I have made both baked and no-bake cheesecake and have found that they are both delicious.
But I much prefer the texture of a baked cheesecake, plus with a baked cheesecake it’s a lot harder for it to go wrong.
I also notice that nearly all US cheesecake recipes are baked whilst most UK cheesecakes are no-bake.
Can You Make A Cheesecake In The Instant Pot?
Yes, you can make a cheesecake in the instant pot, and this is not our first time doing so. Our favourite is our instant pot strawberry cheesecake. It is so easy to make and you can blend in some of the strawberries to give it a fantastic colour to the cheesecake.

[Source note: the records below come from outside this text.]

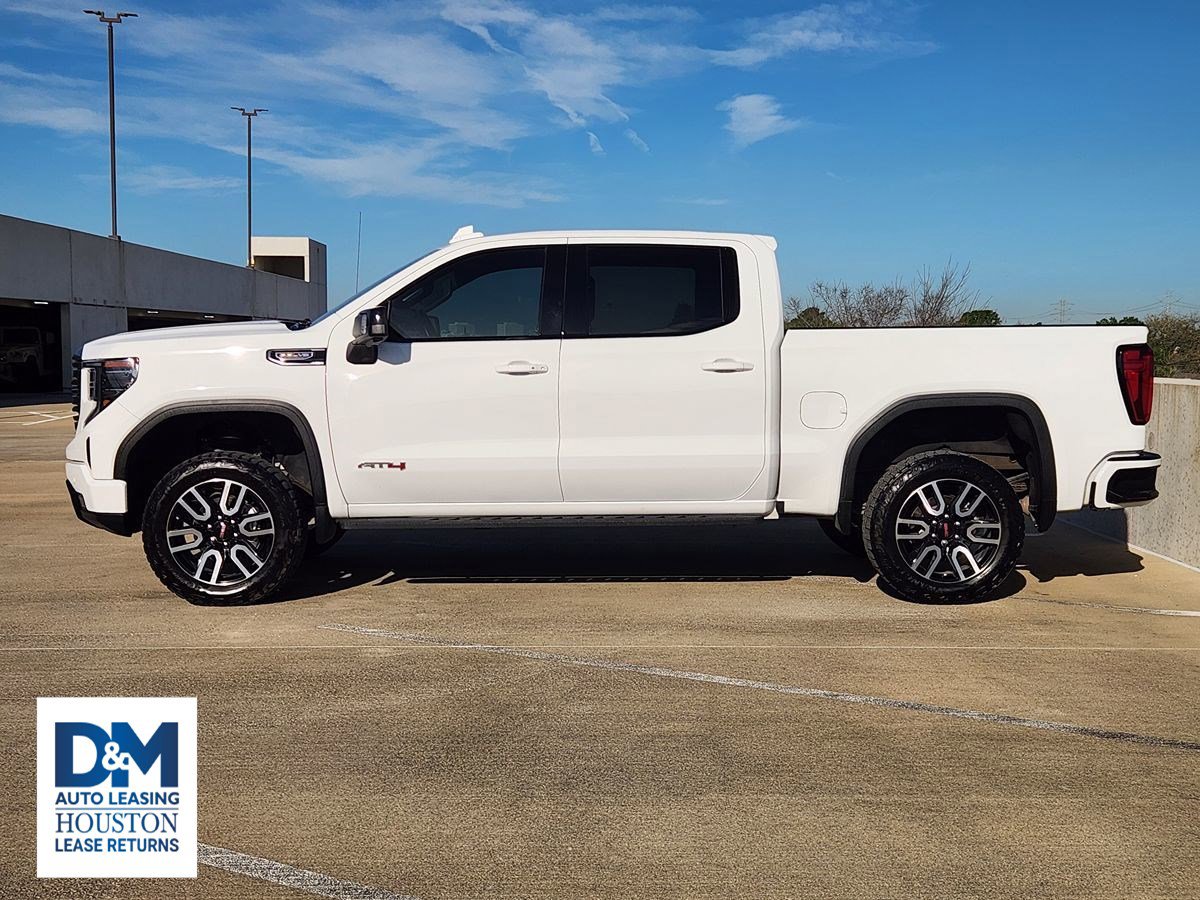 Used 2023 GMC Sierra 1500 AT4 w/ AT4 Premium Package image 5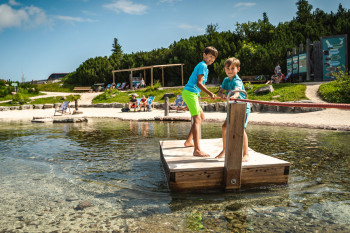 At TRIASSIC Beach you can splash, play and slide on over 200m².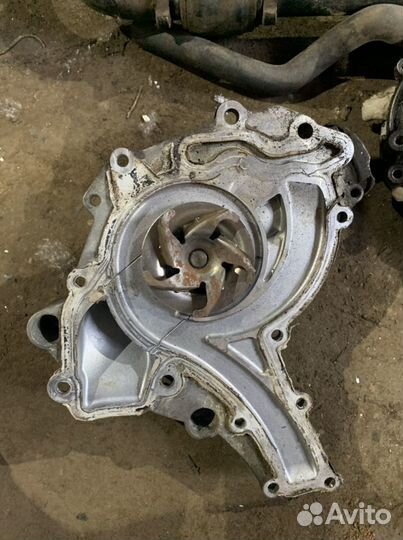 Помпа mercedes w221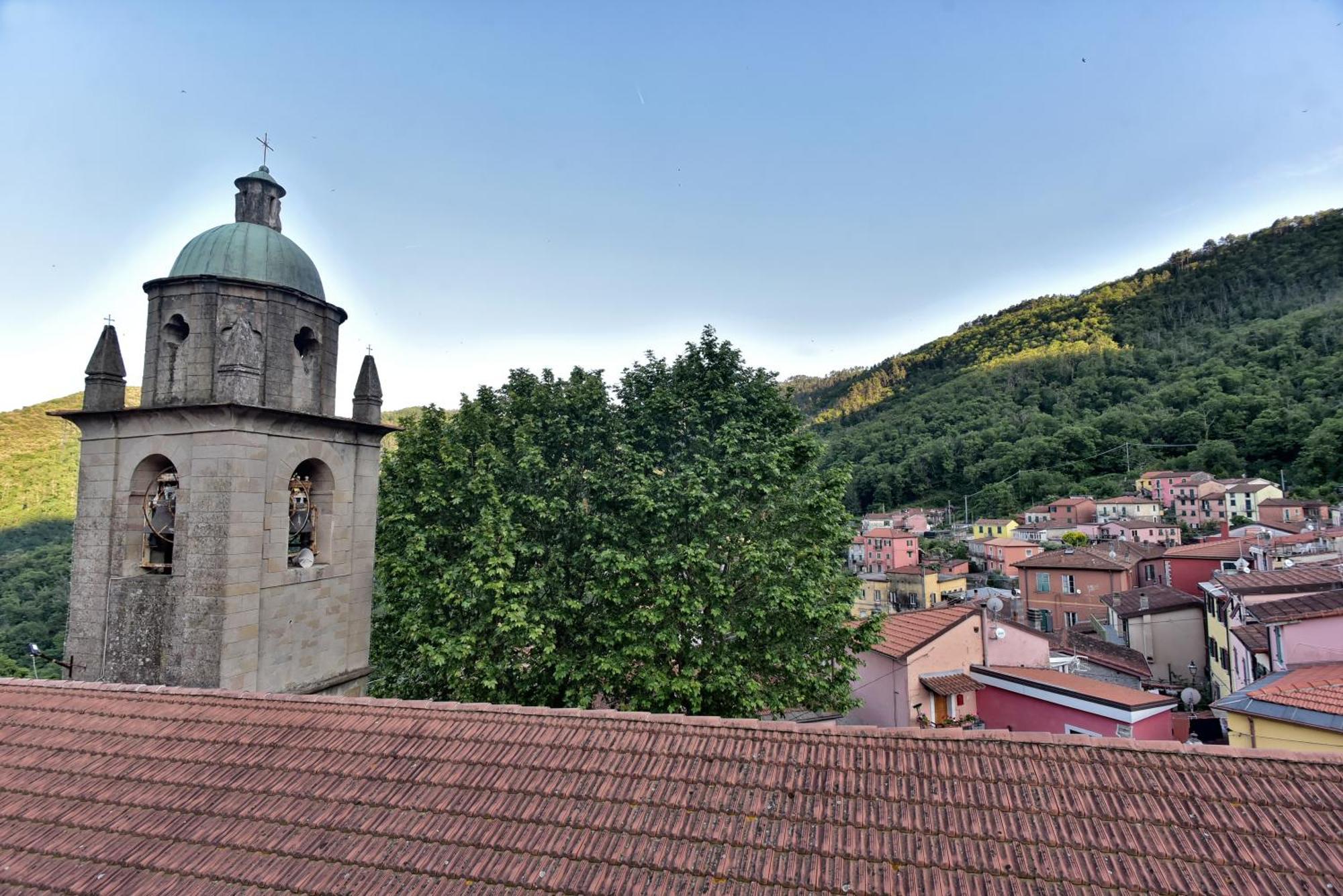 Casa Vacanze Tra I Monti E San Martino Biassa Exterior photo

Another favourite made in our Ninja Foodi on the pressure cooker button is our ninja foodi oreo cheesecake.
Can I Use Spring Form Pan In Instant Pot?

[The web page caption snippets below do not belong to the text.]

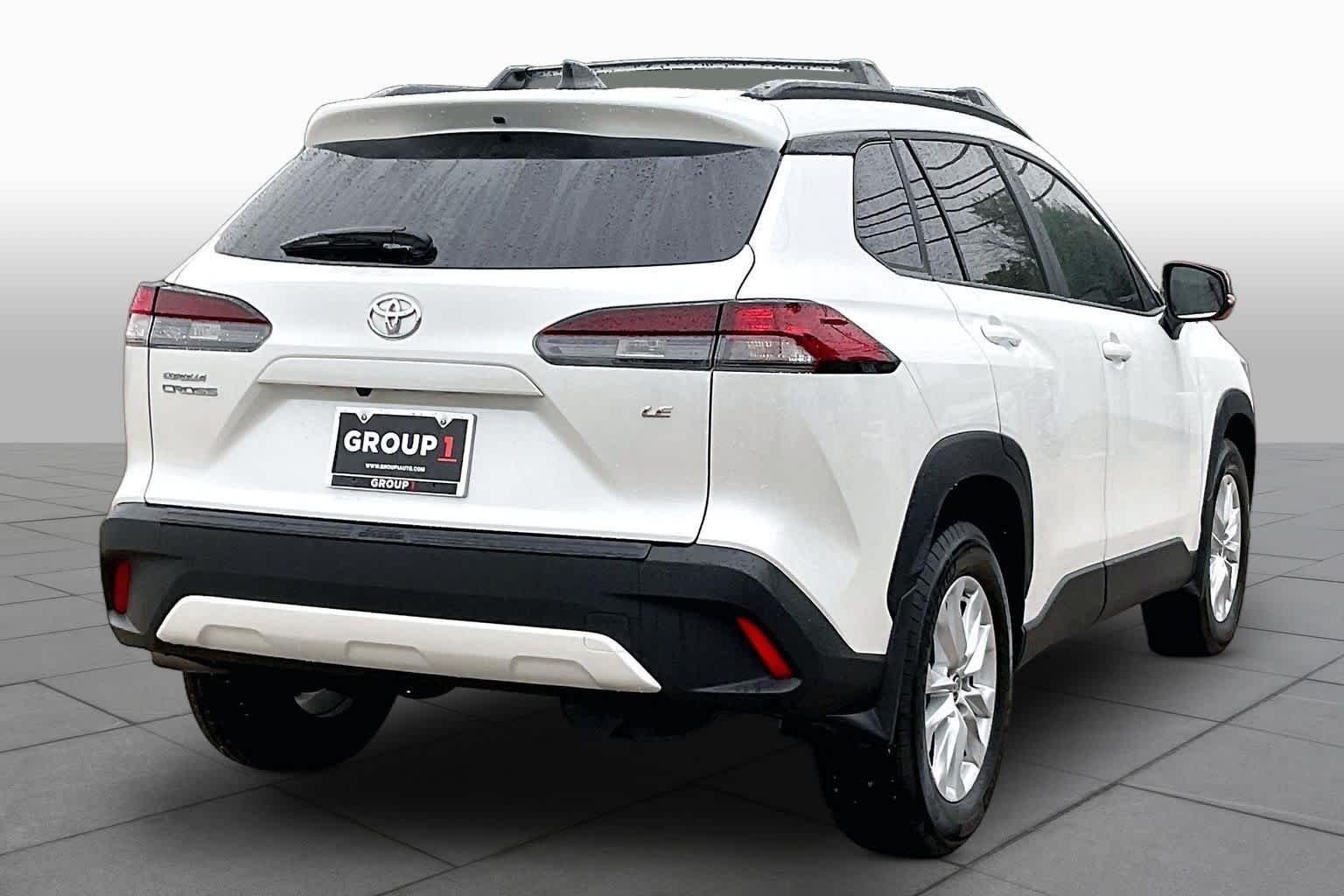Used 2026 Wind Chill Pearl Toyota LE image 13
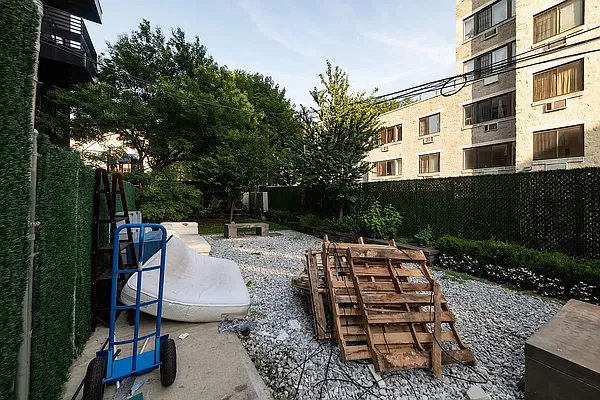 Rented by Twin Group | media 30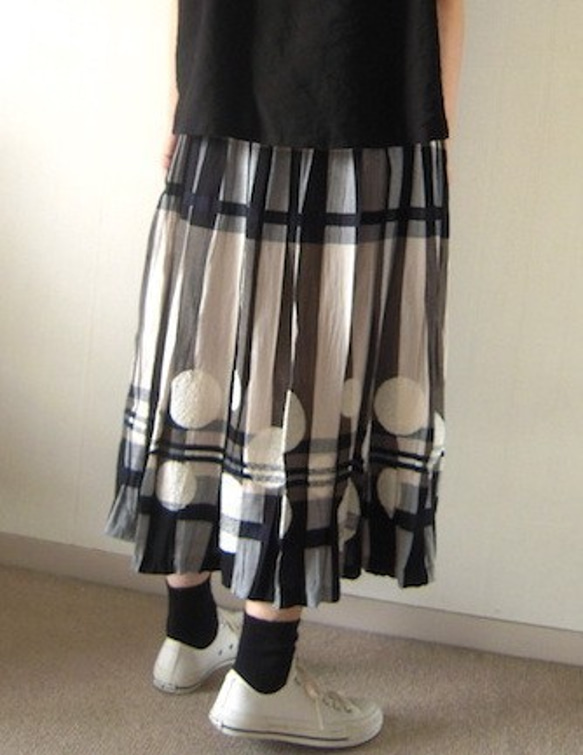 ドットxチェック　ギャザースカート 3枚目の画像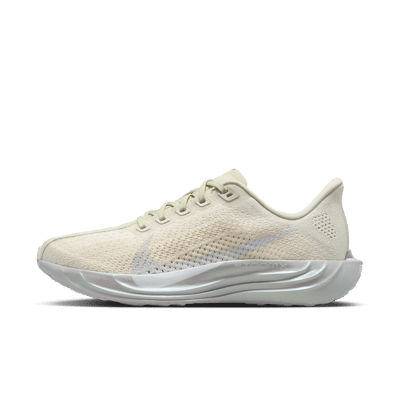 Sapatilhas de running Nike Pegasus Plus "Sea Glass & Chalk" | Mulher | Corrida | 01 | SPORTSHOWROOM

Yes, you can use spring form pans in the instant pot, and they are truly brilliant and also perfect for cheesecake.
This is the spring form pan we recommend but there are so many available to buy. Our new favourite that we used in the air fryer is these mini spring form pans and they are so cute too and come in a pack of 4.
Instant Pot Cheesecake Flavours
And whilst we have made cheesecakes before with oreos, crème eggs, strawberries, there is still a lot of other ideas you could do.
Dom’s favourite is dulce de leche. And what you do here is stir in a can of instant pot caramel and its so, so good.
You can also make them with blueberries, raspberries, any favourite Easter egg, or even add in some biscoff.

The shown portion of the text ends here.